■ INFORMATION SHOWN:

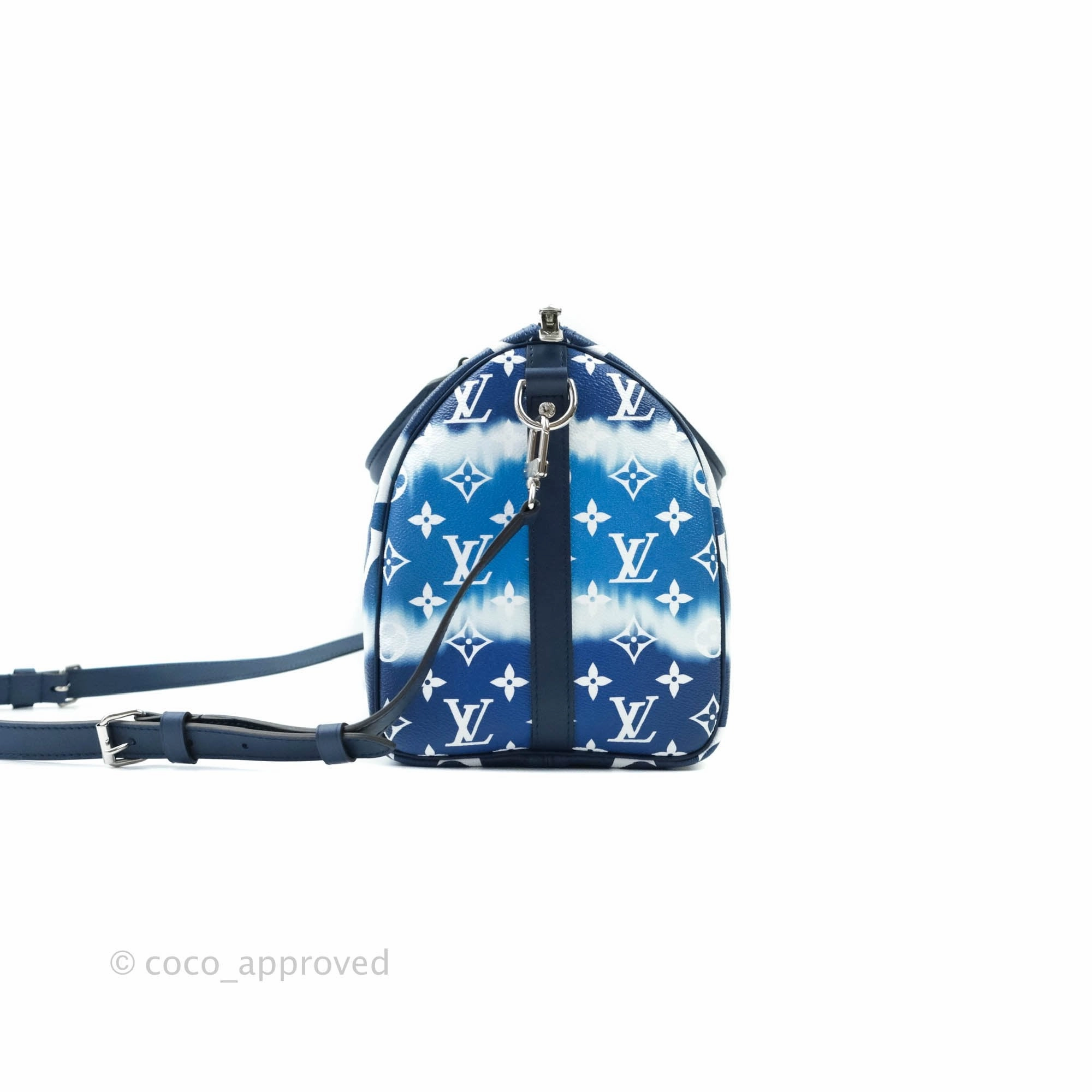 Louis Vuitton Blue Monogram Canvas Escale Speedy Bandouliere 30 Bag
---
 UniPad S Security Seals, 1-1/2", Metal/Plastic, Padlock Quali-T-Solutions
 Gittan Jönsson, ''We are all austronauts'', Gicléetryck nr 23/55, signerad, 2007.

■ GOAL OF THE EXERCISE: Among the records above, extract exactly the lines from the line with "UniPad S Security" to the line with "Gittan Jönsson, ''We", both lines included, and leave out the rest.

■ RESPONSE TO THE EXERCISE:
 UniPad S Security Seals, 1-1/2", Metal/Plastic, Padlock Quali-T-Solutions
 Gittan Jönsson, ''We are all austronauts'', Gicléetryck nr 23/55, signerad, 2007.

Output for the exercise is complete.